══ SOURCE MATERIAL ══

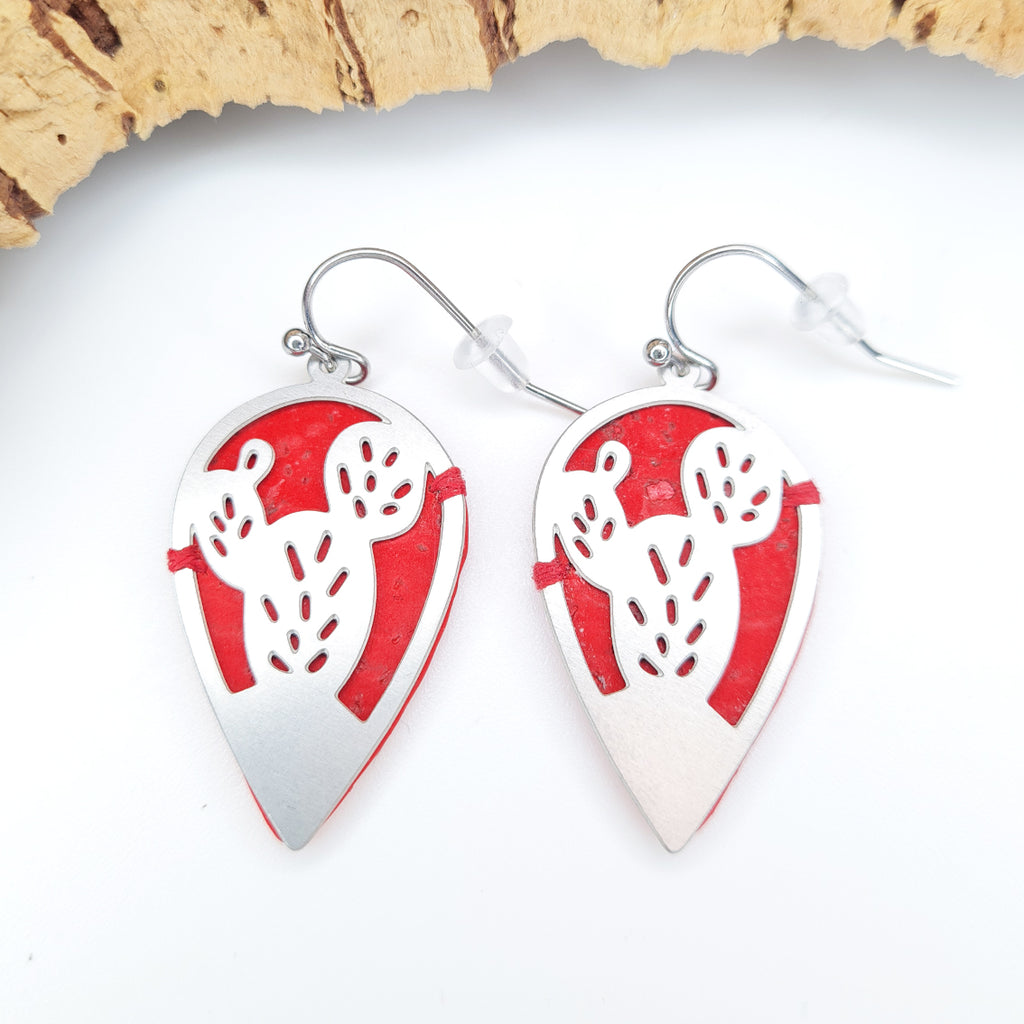 Fabrikk CACTUS Laser Cut Earrings | Red | Vegan Leather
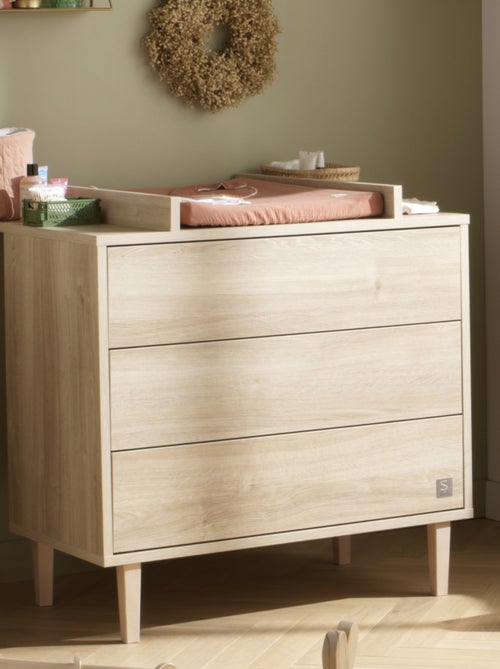 Commode 3 tiroirs pieds bois - - Kiabi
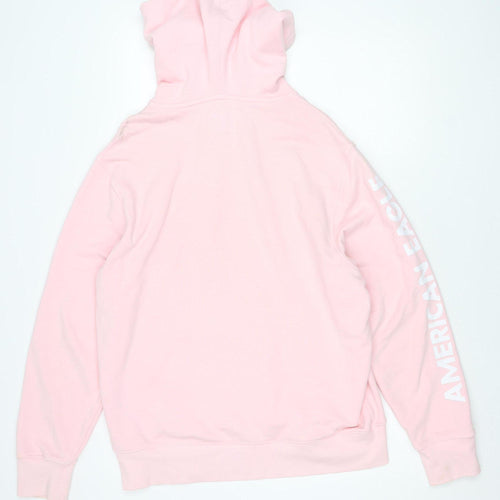 American Eagle Pink Men's Hoodie M Pullover Logo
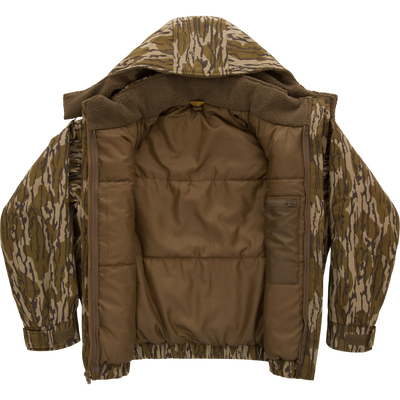 Throwback 80 Sport 3-in-1 Jacket featuring a camouflage pattern, quilted brown lining, fleecy hood, and interior zip-pocket, designed for all-weather outdoor adventures.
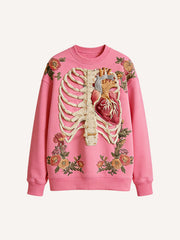 Love Is Forever Skeleton Print Crew Neck Sweatshirt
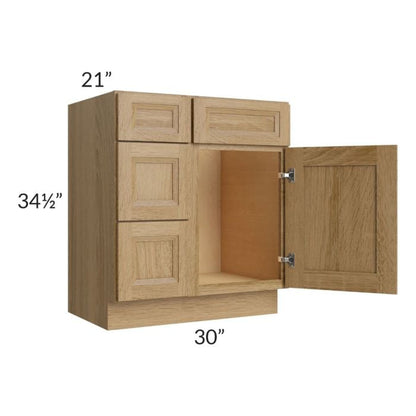 RTA Catalina Toffee 30" Vanity Base Cabinet (Drawers on Left) with 1 Decorative End Panel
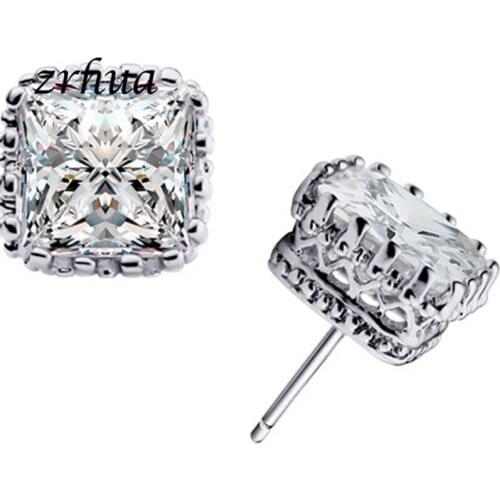 ZRHUA Wholesale Price Silver Color Stud Earrings for Women Girls Engagement Brincos Female Wedding Bridal Jewelry
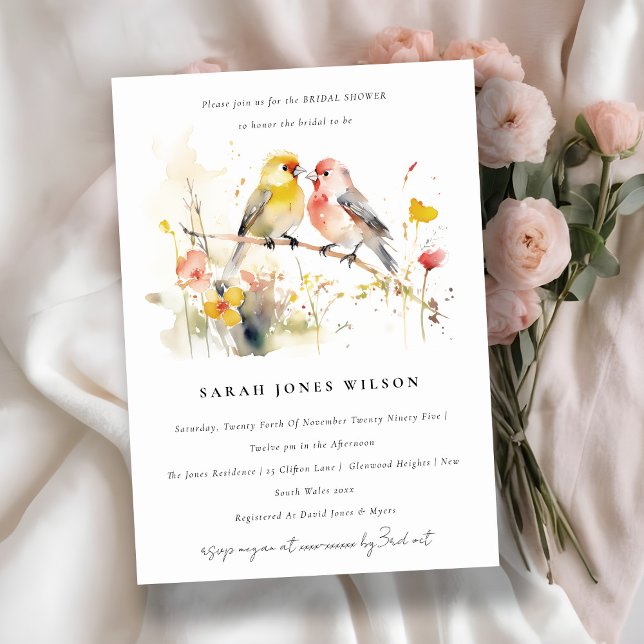 Invitation Fête des mariées Inséparable d'aquarelle botanique (Créateur téléchargé)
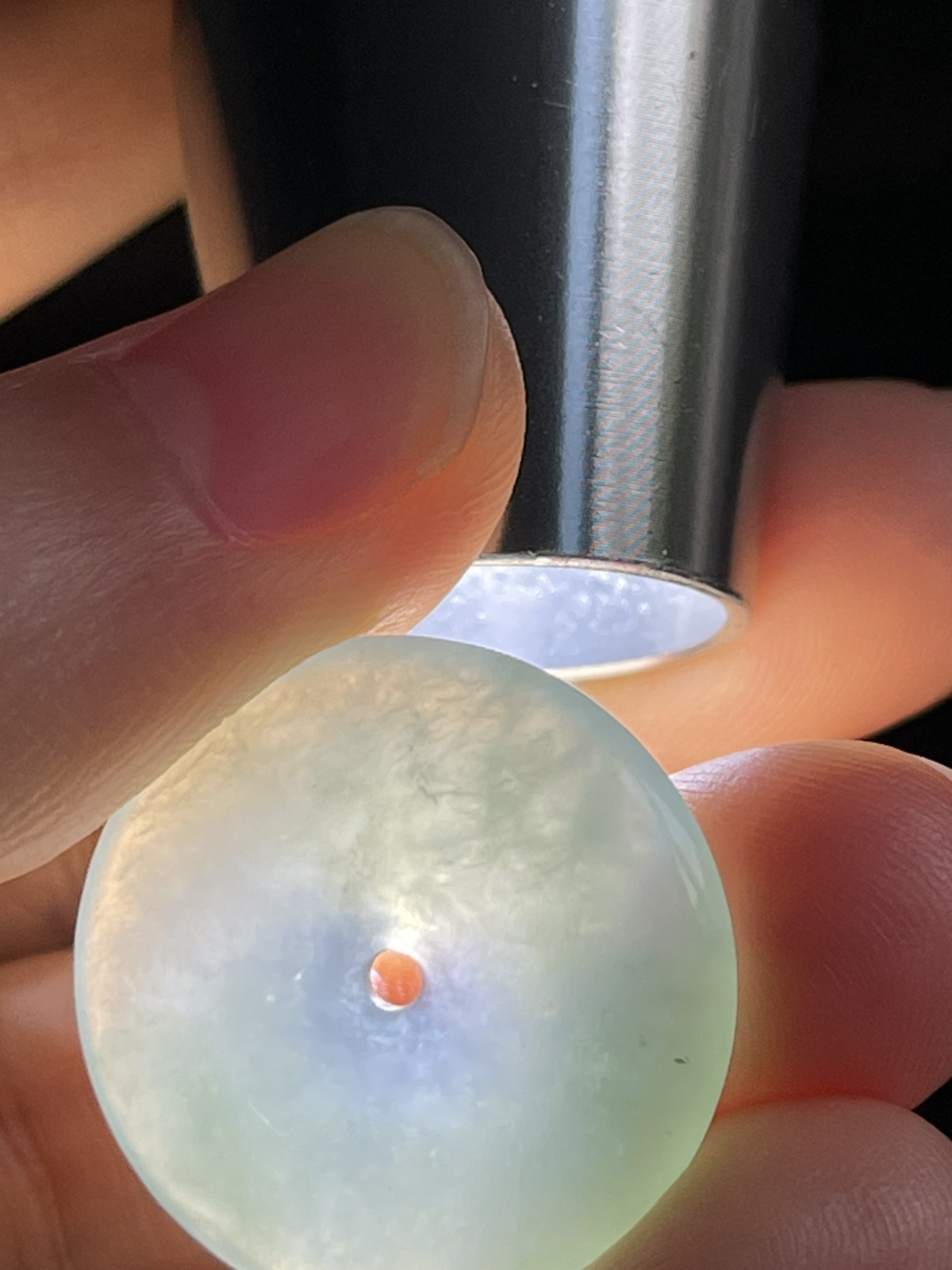 翡翠冰糯种淡绿色平安扣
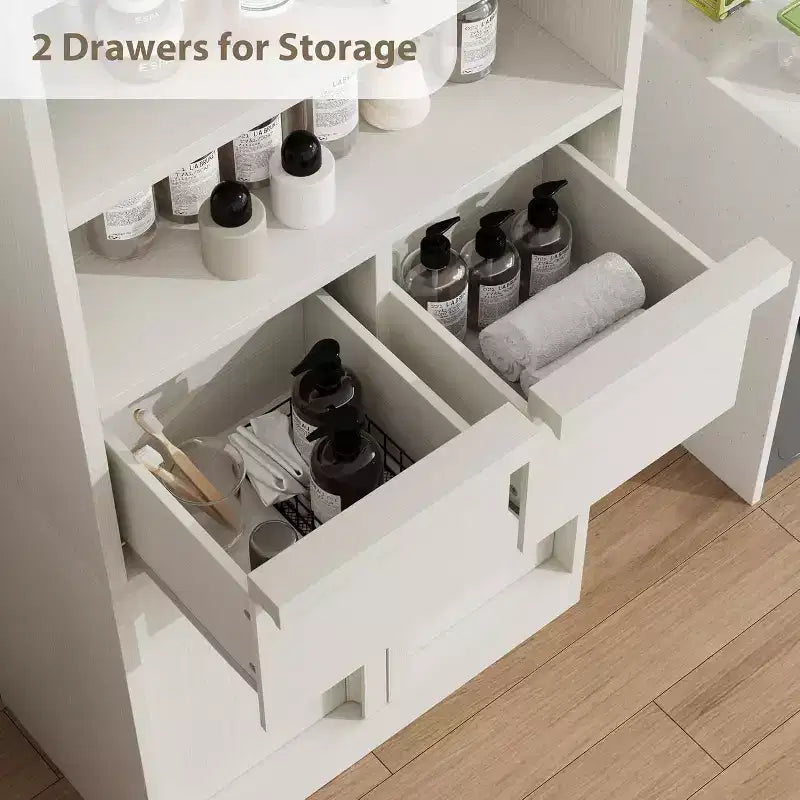 Tall Storage Cabinet with Open Shelves, Drawers and Enclosed Cabinet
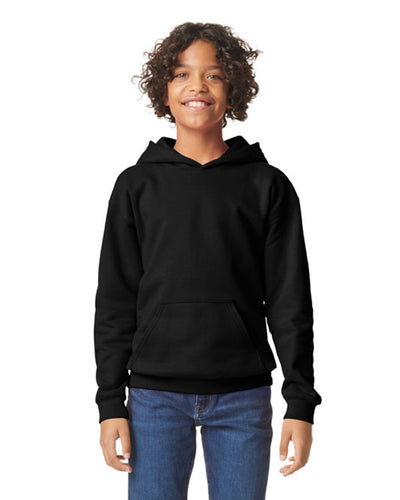 Gildan SF500B Youth Softstyle Midweight Hooded Sweatshirt - Black - model front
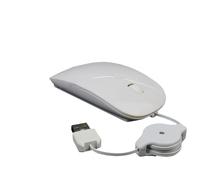 Souris Optique Filaire USB, Souris à Câble Rétractable, Réglage 800/1200/1600DPI, Souris Silencieuse pour Ordinateur Portables (Blanc)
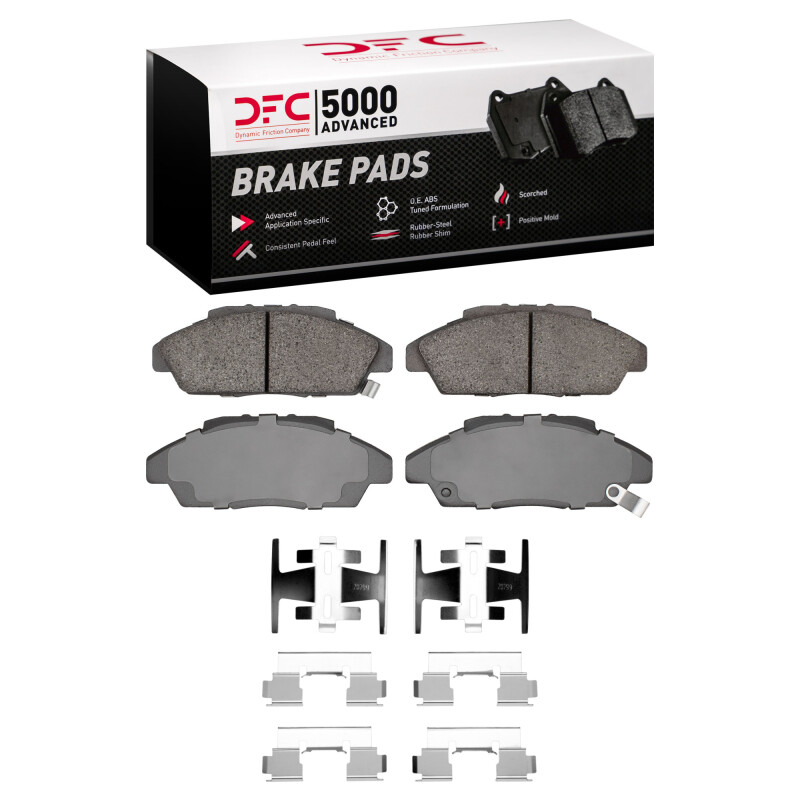 DFC 90-93 Honda Accord Coupe Front 5000 Advanced Ceramic Brake Pads and Hardware Kit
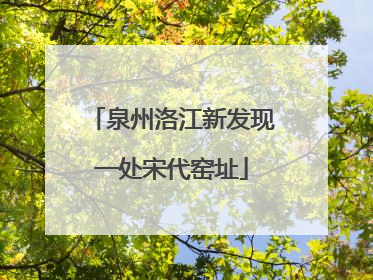 泉州洛江新发现一处宋代窑址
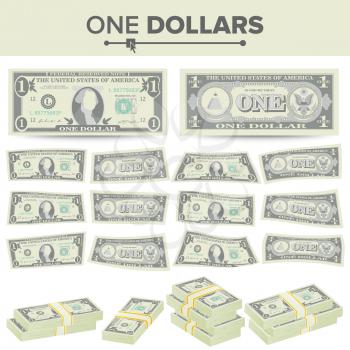 1 Dollar Banknote Vector. Cartoon US Currency. Two Sides Of One American Money Bill Isolated Illustration.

═══

• _AIM OF THE EXERCISE_:
From the line containing "Throwback 80 Sport" through the last line of the records, both included, output those lines exactly and nothing else; skip the pictures.

• _RESULT OF THE TASK_:
 Throwback 80 Sport 3-in-1 Jacket featuring a camouflage pattern, quilted brown lining, fleecy hood, and interior zip-pocket, designed for all-weather outdoor adventures.
 Love Is Forever Skeleton Print Crew Neck Sweatshirt
 RTA Catalina Toffee 30" Vanity Base Cabinet (Drawers on Left) with 1 Decorative End Panel
 ZRHUA Wholesale Price Silver Color Stud Earrings for Women Girls Engagement Brincos Female Wedding Bridal Jewelry
 Invitation Fête des mariées Inséparable d'aquarelle botanique (Créateur téléchargé)
 翡翠冰糯种淡绿色平安扣
 Tall Storage Cabinet with Open Shelves, Drawers and Enclosed Cabinet
 Gildan SF500B Youth Softstyle Midweight Hooded Sweatshirt - Black - model front
 Souris Optique Filaire USB, Souris à Câble Rétractable, Réglage 800/1200/1600DPI, Souris Silencieuse pour Ordinateur Portables (Blanc)
 DFC 90-93 Honda Accord Coupe Front 5000 Advanced Ceramic Brake Pads and Hardware Kit
 泉州洛江新发现一处宋代窑址
 1 Dollar Banknote Vector. Cartoon US Currency. Two Sides Of One American Money Bill Isolated Illustration.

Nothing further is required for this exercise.